(Beginning of Record excerpts)

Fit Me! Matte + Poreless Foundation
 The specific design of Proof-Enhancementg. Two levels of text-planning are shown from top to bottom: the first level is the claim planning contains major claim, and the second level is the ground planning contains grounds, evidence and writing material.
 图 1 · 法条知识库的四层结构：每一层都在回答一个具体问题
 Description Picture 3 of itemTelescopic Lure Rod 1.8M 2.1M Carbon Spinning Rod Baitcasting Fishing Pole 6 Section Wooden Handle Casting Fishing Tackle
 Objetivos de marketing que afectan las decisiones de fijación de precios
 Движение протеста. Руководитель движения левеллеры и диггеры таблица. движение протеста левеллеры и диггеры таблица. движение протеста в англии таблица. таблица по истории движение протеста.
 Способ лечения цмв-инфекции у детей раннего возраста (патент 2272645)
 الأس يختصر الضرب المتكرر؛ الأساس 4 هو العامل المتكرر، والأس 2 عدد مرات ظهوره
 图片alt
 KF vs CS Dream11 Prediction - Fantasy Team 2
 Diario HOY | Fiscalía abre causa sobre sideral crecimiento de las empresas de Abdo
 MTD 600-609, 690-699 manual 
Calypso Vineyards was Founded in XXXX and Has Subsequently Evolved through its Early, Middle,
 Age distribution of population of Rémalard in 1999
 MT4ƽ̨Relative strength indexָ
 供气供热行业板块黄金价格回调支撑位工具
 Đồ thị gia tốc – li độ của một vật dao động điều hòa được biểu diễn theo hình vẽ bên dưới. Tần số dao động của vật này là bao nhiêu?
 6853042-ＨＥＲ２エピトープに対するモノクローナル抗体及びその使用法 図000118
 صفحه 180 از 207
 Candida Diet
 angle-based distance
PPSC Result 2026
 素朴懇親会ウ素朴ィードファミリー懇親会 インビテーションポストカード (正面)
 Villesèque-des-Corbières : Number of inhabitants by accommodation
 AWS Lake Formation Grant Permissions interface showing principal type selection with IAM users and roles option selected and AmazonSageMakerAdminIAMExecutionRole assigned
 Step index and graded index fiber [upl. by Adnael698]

(End of Record excerpts)

▸ What you should do:
The answer must consist of every line from the entries above that contains the string "index".

▸ Solution:
 MT4ƽ̨Relative strength indexָ
 Step index and graded index fiber [upl. by Adnael698]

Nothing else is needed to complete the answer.